19th Director of the Defense Advanced Research Projects Agency
- In office July 20, 2009 – March 2012
- President: Barack Obama
- Preceded by: Anthony Tether
- Succeeded by: Arati Prabhakar

Personal details
- Born: Regina E. Dugan March 19, 1963 (age 63) New York City, US
- Alma mater: Virginia Tech (BS, MS) Caltech (PhD)
- Fields: Engineering
- Institutions: Facebook; Google ATAP; DARPA; RedXDefense; Dugan Ventures; NASA; Caltech;
- Thesis: Axisymmetric buoyant jets in a cross flow with shear: Transition and mixing (1993)
- Doctoral advisor: E. John List

= Regina E. Dugan =

American businesswoman (born 1963)

Regina E. Dugan (born March 19, 1963), is an American businesswoman, technology developer and government official. She was the first female director of the Defense Advanced Research Projects Agency (DARPA), where she served from July 2009 until March 2012.

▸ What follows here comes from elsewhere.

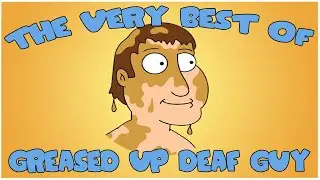 Family Guy The Best of Greased Up Deaf Guy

Dugan began working for DARPA in 1996. Over the next 4 years, she led numerous multimillion-dollar research programs. Her most notable research project, known as the 'Dog's Nose,' involved the development of an advanced portable system that could detect the explosive content of landmines. In 1999, she was awarded 'Manager of the Year' for her work at DARPA and in 2000, she was honored with the Bronze de Fleury Medal by the United States Army Corps of Engineers. She has also received awards from the United States Secretary of Defense; specifically, the Awards for Exceptional Service and Outstanding Achievement.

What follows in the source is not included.